● Exercise details: In this exercise, return only the lines that run from the line with "Item preview, Pink" to the end of the entries below, both included. Pictures are not copied.

**** Recorded information

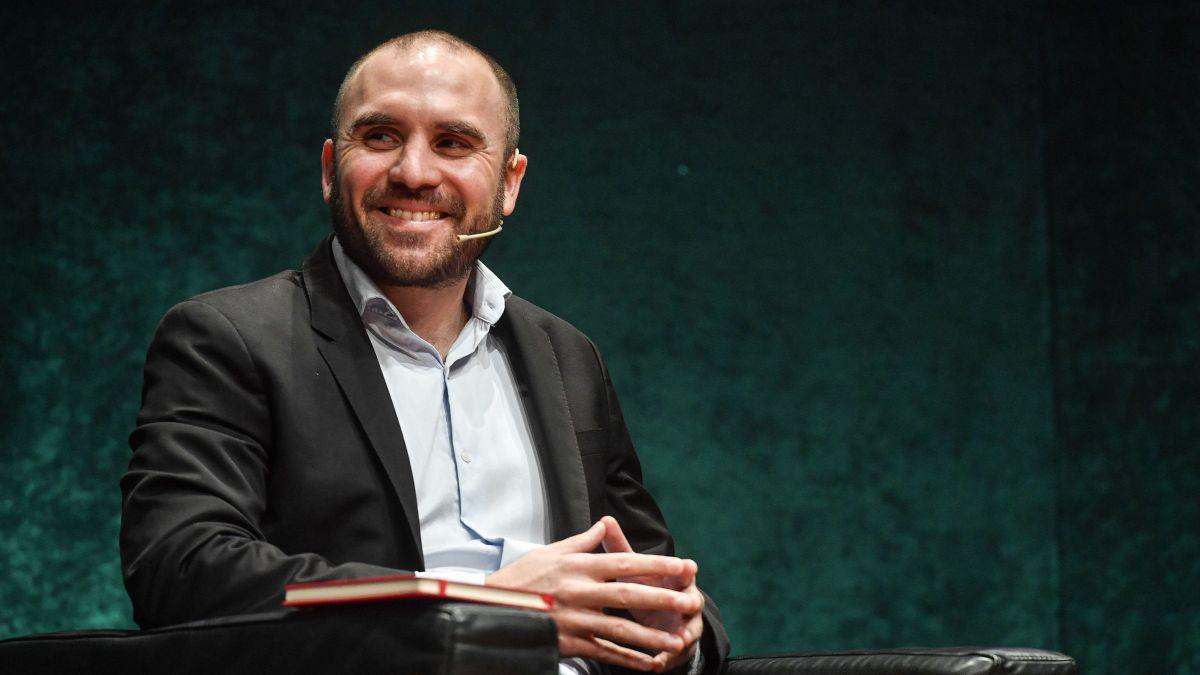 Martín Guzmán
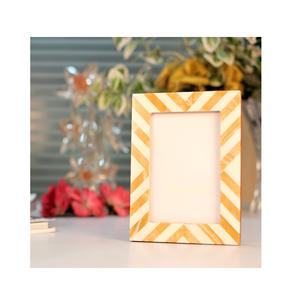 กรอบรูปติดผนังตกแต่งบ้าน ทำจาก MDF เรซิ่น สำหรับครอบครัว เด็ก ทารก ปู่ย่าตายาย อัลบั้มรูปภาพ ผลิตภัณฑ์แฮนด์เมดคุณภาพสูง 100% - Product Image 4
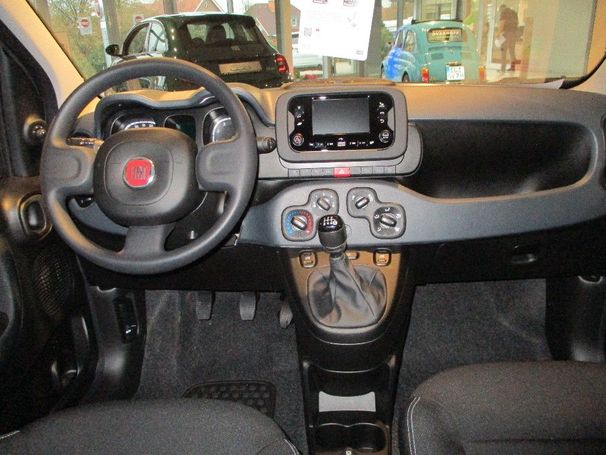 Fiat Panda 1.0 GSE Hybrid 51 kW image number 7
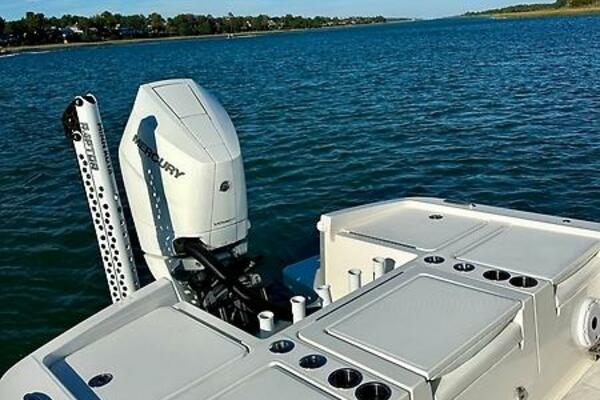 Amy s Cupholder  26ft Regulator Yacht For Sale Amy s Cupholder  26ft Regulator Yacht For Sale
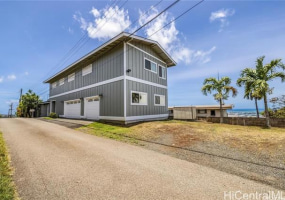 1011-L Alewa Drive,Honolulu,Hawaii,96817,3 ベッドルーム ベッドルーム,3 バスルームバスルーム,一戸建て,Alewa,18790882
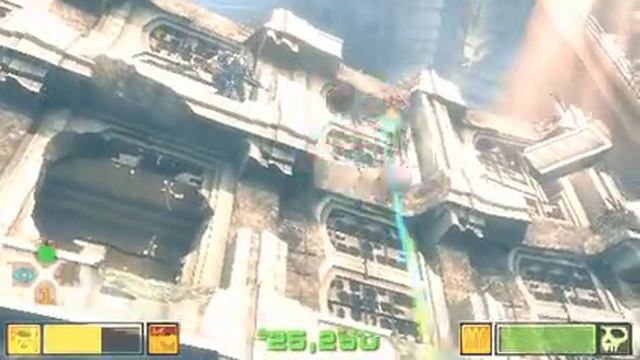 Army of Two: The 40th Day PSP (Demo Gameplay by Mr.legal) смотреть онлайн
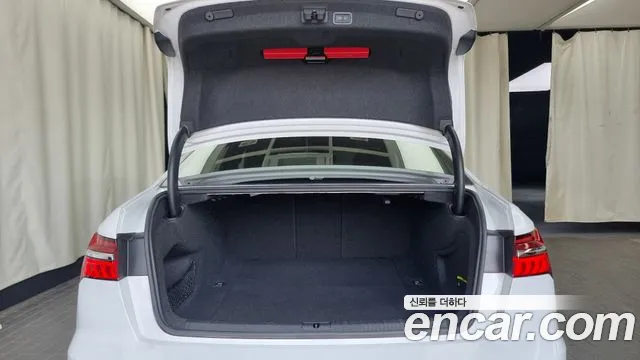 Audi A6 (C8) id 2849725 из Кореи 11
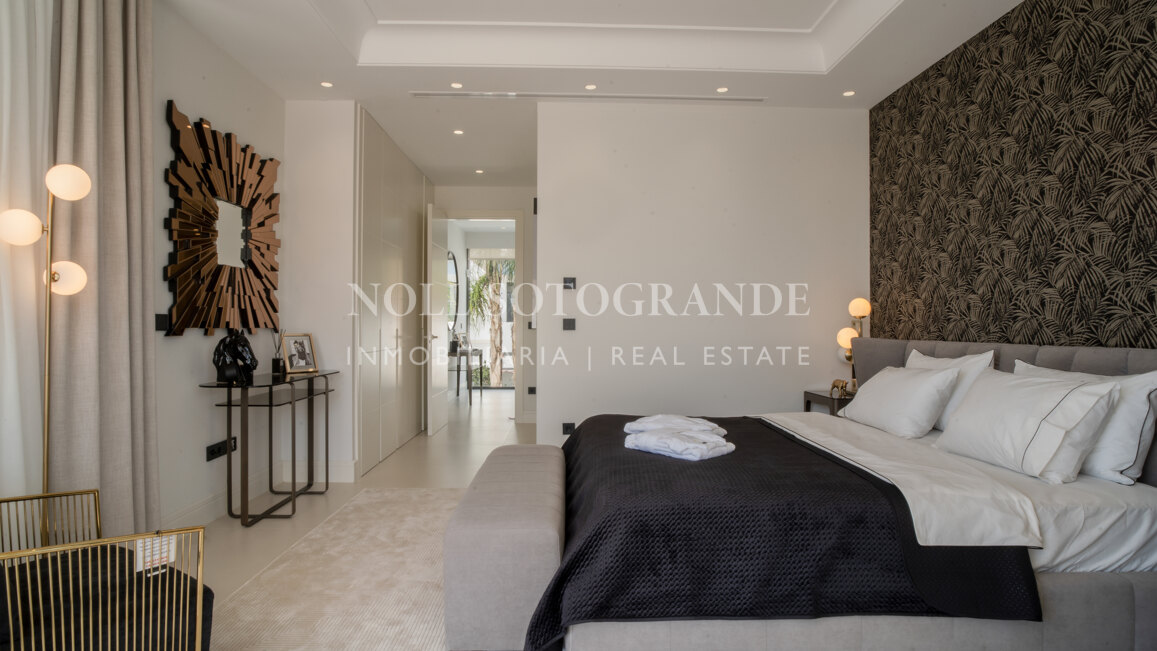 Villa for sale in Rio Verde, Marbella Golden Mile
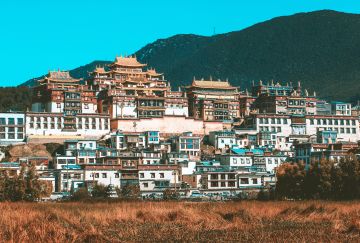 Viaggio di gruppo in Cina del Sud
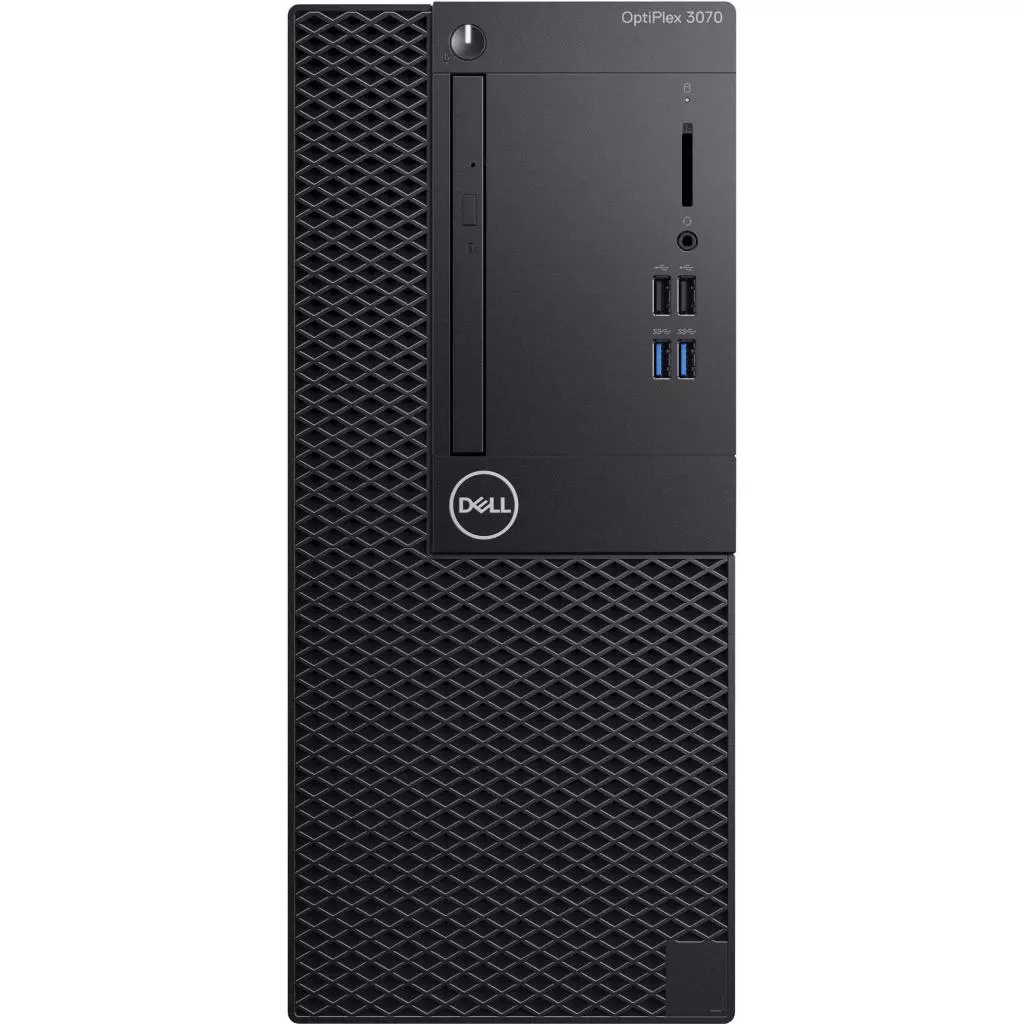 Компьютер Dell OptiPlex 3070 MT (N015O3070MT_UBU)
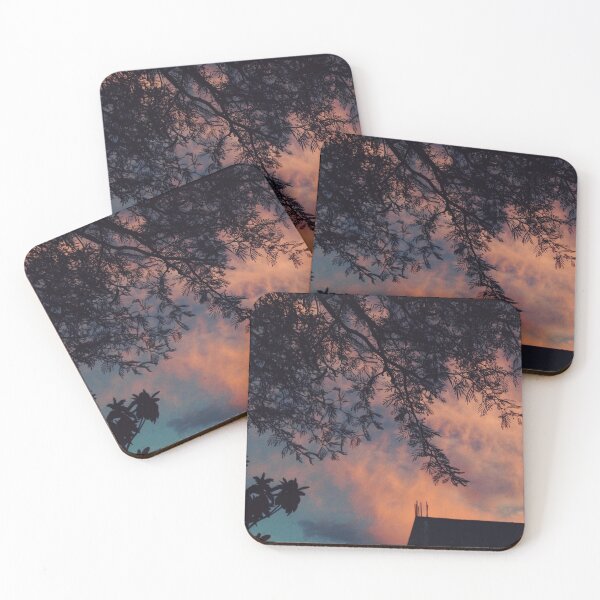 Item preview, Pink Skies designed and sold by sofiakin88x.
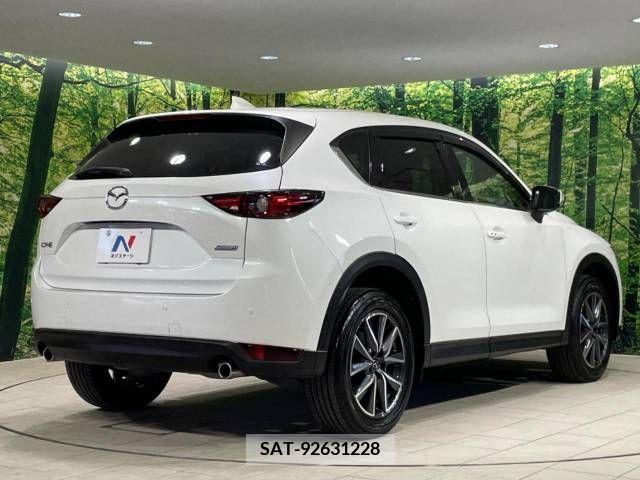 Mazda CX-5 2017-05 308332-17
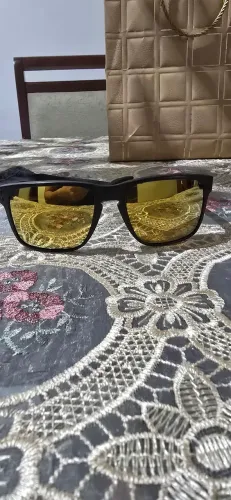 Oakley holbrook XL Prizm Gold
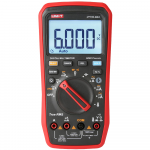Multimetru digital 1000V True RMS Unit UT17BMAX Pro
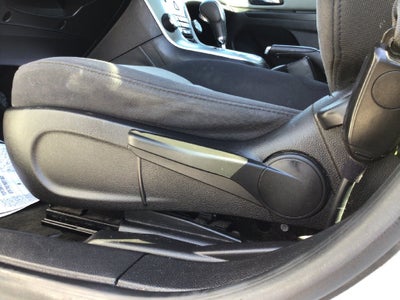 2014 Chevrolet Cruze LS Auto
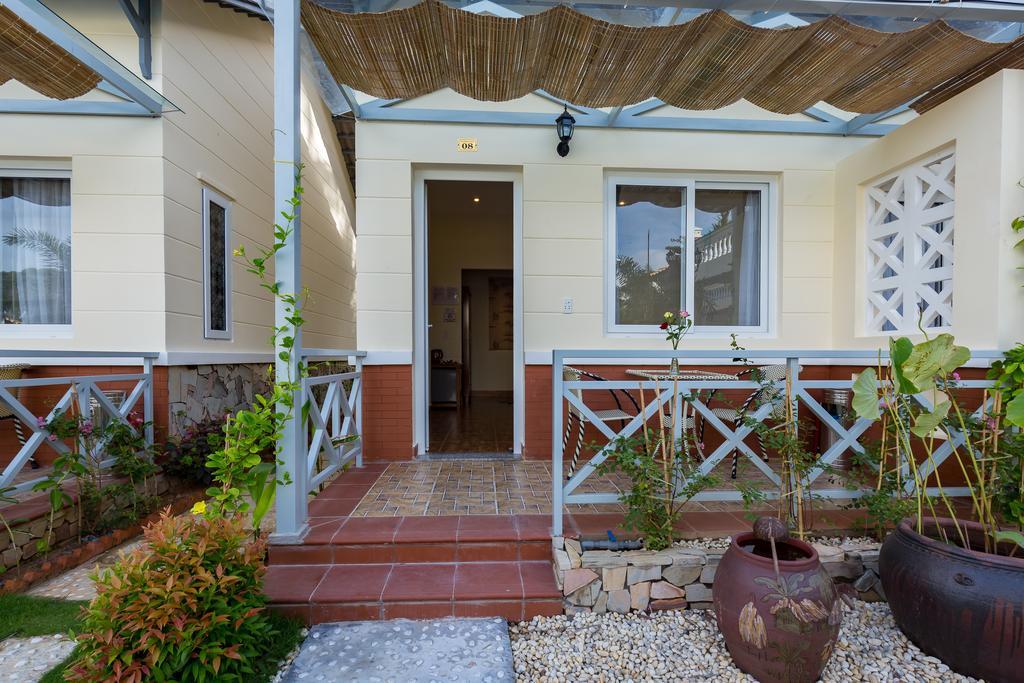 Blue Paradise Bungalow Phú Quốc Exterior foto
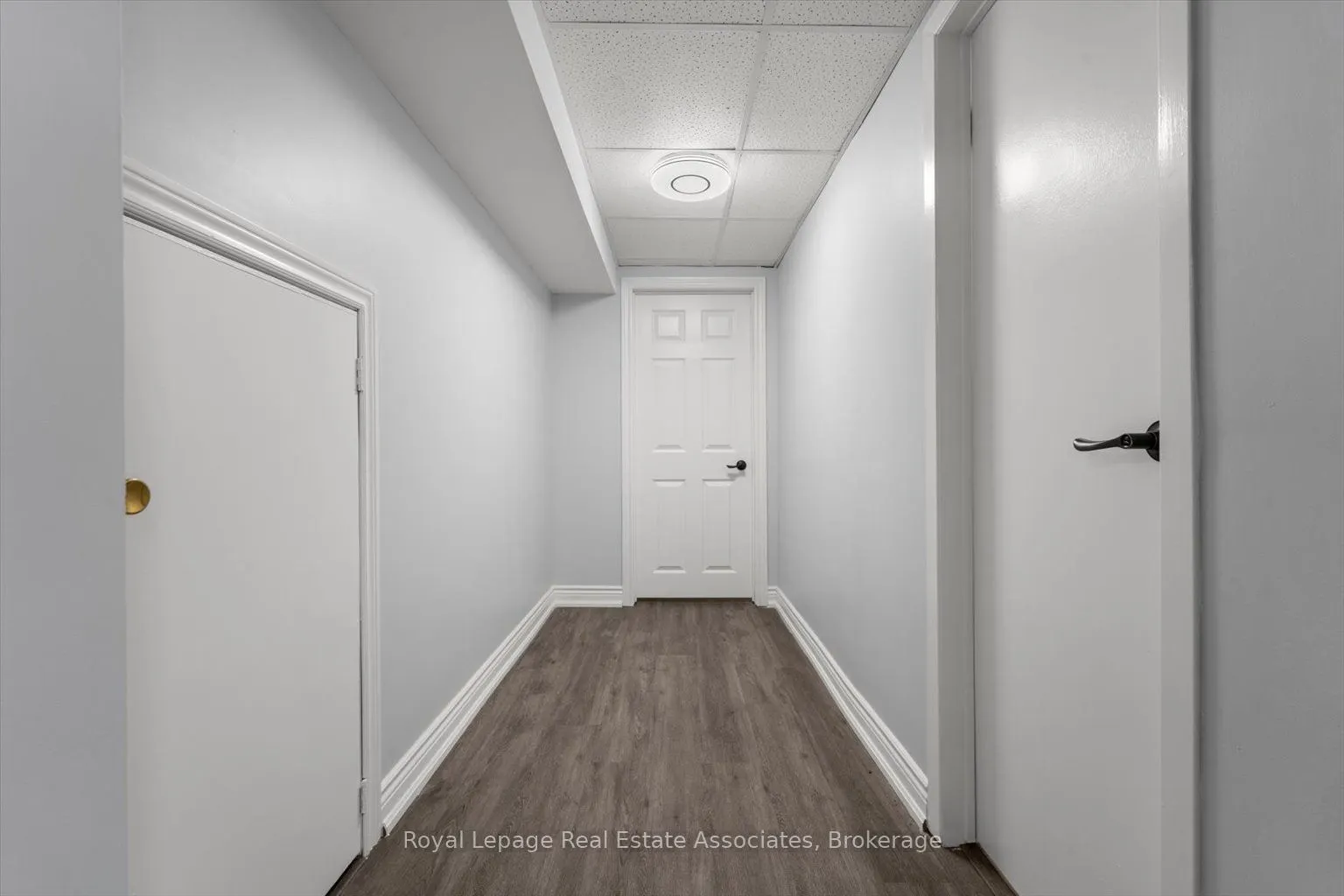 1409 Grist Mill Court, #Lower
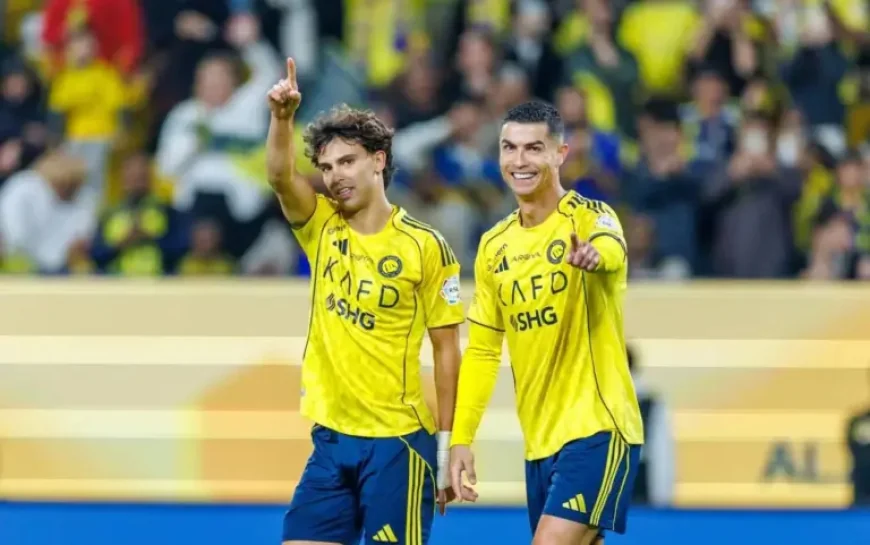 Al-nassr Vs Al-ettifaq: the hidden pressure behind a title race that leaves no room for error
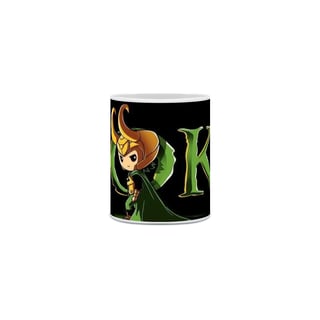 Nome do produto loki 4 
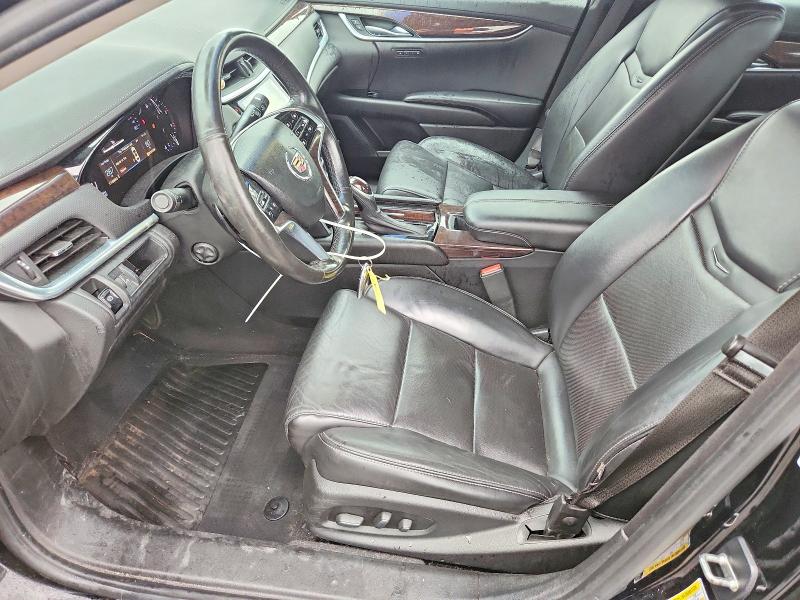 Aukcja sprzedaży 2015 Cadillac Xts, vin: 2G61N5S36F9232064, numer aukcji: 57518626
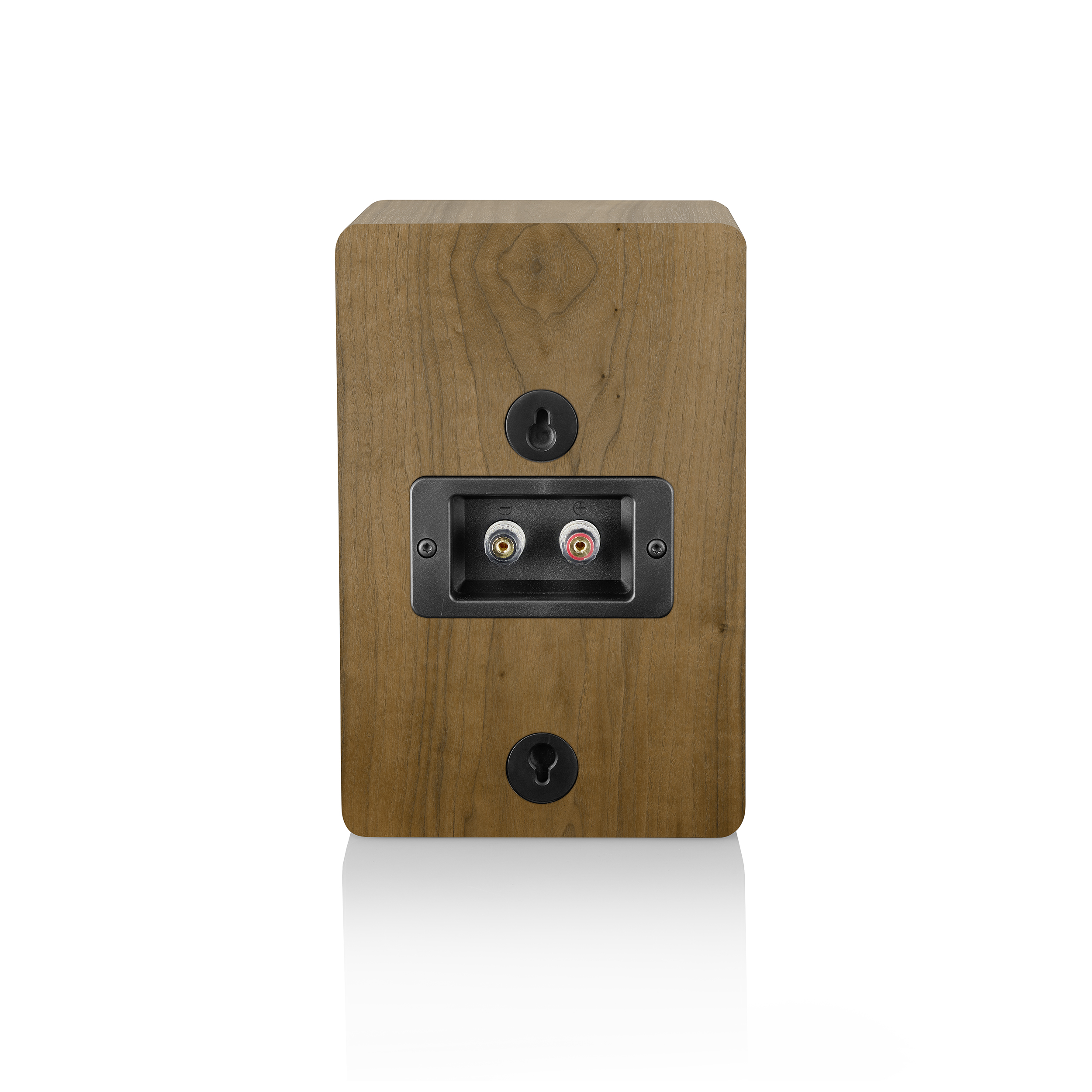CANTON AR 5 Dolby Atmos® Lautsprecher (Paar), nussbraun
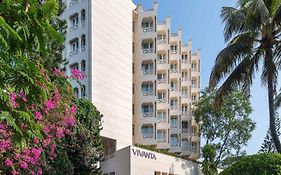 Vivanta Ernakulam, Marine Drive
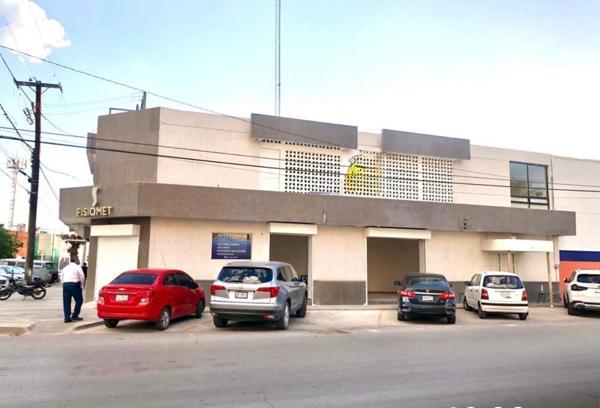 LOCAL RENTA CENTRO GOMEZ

********

● Output for this task:
 Item preview, Pink Skies designed and sold by sofiakin88x.
 Mazda CX-5 2017-05 308332-17
 Oakley holbrook XL Prizm Gold
Multimetru digital 1000V True RMS Unit UT17BMAX Pro
 2014 Chevrolet Cruze LS Auto
 Blue Paradise Bungalow Phú Quốc Exterior foto
 1409 Grist Mill Court, #Lower
 Al-nassr Vs Al-ettifaq: the hidden pressure behind a title race that leaves no room for error
 Nome do produto loki 4 
 Aukcja sprzedaży 2015 Cadillac Xts, vin: 2G61N5S36F9232064, numer aukcji: 57518626
CANTON AR 5 Dolby Atmos® Lautsprecher (Paar), nussbraun
 Vivanta Ernakulam, Marine Drive
 LOCAL RENTA CENTRO GOMEZ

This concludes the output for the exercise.